=== Description of the task ===
The goal is to restate all of the records below word for word.

=== Data extracts ===
-------
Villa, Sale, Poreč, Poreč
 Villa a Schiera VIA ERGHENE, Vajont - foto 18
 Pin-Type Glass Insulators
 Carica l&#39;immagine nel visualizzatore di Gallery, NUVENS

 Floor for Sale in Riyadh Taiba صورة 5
-------
=== Result for this exercise ===
Villa, Sale, Poreč, Poreč
 Villa a Schiera VIA ERGHENE, Vajont - foto 18
 Pin-Type Glass Insulators
 Carica l&#39;immagine nel visualizzatore di Gallery, NUVENS

 Floor for Sale in Riyadh Taiba صورة 5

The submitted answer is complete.